January 21, 2005: Gilbert and Sullivan, The Pirates of Penzance
The Coliseum, St. Martin’s Lane. English National Opera. Chicago Lyric Theatre production.
A sparkling production of this G & S classic with fine singers, especially Victoria Joyce as Mabel, and many good singing actors. We expect a singing actor for the light baritone role of Major-General Stanley, and we get one, in the person of Richard Suart; we didn’t expect one in the role of the Pirate King, but got one anyway, in the person of Karl Daymond, whose vibrato is so rich that when he sings at full musical force you can hardly tell whether he’s on the note or a third below, but whose diction like Suart’s is excellent.
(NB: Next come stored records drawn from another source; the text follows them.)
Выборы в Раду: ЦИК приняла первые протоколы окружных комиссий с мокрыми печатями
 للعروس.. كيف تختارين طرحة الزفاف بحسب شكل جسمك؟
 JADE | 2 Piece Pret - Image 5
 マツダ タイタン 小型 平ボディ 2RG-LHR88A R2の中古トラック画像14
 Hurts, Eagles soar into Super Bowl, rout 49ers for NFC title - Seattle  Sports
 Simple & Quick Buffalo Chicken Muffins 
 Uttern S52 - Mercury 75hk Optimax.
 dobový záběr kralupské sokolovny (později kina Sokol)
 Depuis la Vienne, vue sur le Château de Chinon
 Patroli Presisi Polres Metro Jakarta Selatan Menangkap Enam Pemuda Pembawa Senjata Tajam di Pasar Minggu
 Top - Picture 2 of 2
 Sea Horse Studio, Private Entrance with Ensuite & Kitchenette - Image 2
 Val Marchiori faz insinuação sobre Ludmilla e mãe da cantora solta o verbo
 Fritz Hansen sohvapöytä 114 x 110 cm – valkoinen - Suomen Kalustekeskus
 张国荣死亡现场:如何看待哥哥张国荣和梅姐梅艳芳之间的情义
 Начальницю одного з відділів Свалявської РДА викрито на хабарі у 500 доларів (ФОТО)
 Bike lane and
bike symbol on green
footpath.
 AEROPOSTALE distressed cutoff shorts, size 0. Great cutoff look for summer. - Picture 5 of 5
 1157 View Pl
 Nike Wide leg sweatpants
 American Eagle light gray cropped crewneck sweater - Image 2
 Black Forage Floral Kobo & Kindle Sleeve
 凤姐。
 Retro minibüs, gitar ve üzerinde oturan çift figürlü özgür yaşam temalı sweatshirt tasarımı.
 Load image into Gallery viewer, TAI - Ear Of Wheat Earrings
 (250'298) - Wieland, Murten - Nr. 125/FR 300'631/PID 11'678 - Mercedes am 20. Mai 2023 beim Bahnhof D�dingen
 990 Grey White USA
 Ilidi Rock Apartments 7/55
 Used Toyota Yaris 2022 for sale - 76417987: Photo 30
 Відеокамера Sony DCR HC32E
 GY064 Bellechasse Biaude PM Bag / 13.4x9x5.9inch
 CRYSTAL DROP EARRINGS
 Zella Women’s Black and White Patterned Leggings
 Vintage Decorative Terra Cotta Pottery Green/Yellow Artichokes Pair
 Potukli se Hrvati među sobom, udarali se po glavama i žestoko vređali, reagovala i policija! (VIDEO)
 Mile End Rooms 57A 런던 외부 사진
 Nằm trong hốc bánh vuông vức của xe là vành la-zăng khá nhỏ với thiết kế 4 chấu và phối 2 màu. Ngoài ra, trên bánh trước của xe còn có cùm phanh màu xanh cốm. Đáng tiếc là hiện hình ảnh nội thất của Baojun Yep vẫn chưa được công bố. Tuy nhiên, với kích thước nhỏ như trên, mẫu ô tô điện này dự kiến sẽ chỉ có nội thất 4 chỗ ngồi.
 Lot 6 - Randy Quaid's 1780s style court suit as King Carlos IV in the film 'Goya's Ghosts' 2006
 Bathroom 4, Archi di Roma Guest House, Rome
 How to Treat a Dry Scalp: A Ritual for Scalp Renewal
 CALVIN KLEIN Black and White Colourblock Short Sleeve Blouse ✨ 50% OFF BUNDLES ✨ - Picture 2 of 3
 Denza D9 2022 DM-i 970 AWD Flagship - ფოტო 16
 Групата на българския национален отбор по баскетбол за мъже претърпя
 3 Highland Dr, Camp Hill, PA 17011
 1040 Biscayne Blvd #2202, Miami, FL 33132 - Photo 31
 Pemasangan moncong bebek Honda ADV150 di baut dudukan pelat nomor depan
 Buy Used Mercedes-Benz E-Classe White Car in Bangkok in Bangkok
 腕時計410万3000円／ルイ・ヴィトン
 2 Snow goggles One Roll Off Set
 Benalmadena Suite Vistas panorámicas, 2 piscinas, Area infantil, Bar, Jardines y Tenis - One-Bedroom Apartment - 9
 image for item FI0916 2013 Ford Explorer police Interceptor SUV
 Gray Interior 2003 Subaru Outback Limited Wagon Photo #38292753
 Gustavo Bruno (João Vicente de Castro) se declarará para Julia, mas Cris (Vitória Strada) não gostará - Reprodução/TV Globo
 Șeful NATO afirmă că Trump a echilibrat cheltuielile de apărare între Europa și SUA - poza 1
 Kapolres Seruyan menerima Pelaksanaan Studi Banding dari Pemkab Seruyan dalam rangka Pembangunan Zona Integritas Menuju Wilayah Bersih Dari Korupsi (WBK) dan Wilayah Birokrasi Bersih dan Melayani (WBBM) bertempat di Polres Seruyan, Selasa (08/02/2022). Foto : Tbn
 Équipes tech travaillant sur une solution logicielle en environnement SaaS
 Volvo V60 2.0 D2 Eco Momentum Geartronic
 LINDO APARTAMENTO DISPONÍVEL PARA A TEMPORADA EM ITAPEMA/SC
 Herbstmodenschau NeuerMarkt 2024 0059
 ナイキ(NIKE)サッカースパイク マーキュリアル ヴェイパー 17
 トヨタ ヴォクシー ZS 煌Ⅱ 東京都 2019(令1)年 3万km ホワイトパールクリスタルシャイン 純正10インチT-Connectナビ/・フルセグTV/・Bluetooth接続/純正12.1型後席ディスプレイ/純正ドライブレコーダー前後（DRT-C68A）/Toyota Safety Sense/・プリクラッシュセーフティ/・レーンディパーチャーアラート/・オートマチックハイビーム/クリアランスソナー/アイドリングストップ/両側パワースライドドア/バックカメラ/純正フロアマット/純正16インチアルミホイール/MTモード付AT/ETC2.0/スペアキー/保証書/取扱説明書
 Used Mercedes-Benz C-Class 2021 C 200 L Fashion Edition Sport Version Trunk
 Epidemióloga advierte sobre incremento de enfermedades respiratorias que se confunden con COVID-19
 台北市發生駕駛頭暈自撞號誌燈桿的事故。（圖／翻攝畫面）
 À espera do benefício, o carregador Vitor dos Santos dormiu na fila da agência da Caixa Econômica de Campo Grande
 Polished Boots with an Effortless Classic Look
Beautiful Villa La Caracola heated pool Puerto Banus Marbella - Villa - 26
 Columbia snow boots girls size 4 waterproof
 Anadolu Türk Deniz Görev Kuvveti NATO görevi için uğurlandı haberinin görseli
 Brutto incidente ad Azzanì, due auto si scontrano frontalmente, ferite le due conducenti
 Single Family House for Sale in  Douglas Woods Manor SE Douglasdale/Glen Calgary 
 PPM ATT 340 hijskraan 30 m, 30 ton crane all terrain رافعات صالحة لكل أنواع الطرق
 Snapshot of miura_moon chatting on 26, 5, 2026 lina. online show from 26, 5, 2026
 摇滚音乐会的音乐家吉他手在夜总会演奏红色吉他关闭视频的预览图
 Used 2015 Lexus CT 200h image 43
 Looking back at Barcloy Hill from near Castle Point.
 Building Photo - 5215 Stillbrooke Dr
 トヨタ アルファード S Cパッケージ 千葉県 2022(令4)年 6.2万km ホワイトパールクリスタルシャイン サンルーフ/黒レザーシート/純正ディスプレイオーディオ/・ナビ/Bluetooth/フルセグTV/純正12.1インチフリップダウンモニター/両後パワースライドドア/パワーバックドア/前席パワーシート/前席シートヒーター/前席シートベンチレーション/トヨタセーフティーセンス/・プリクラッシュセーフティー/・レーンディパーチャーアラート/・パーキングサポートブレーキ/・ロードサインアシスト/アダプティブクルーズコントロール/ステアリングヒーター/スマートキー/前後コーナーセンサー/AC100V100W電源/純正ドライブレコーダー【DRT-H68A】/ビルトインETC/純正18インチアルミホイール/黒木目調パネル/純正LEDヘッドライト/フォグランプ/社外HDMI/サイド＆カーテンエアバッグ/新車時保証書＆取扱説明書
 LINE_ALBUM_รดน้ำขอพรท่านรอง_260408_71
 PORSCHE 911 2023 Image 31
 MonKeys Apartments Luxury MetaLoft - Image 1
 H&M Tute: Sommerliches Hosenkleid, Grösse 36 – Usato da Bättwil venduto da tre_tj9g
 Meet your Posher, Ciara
He did his third of the trio in Act II — the recitative sequence more talking than a singing sequence — and it was just right, given his singing limitations.
The organizing idea was of a kind of toy theatre or Victorian greeting card approach to the fiction. The large stage of the ENO was raised up, almost down to the proscenium arch, but there was a high step along the front, below which was an additional shallow but wide acting area, with steps up to the higher area on either side and a trapdoor smack in the middle. Ranged on high at either side were delicate black iron girders reminiscent of filigree structures and ranging well back on either side. Above and within them, in Act I, were a series of flat painted cloud formations and a drop picturing a seascape, with the Pirates’ ship at anchor in the distance. In Act II, Major General Stanley’s estate, a tall solarium, seemingly conjured up with wrought iron, had been flown, achieving a framing effect. If fitted beautifully into the available space; and the costumes, originally designed by Anne Tilby, were a delightful combination of authentic Victorian and witty whimsy — as in the Act I sequence with the daughters of Major-General Stanley, some of whom wore under-dresses and chaste yet provocative corsets for their walk at the sea-side, later to be dressed with over-dresses, more respectably. The Pirates wore a wild melange of pick-me-up, brightly colored costumes that seem to have come right off of a twopence-colored toy theatre sheet from Pollock’s. The Pirates’ choreography was rather simple — such fellows (noblemen gone wrong though they are) cannot pretend to any sophistication in such matters; but in Act II, when the male cast has divided into Pirates (tenors) and Policemen (basses) and the daughters have changed into more sumptuous at-home dresses, the possibilities for more imaginative, complex choreographic combinations were envisaged, and were fully realized — and the policemen coming on and then off again were almost all correct in their execution.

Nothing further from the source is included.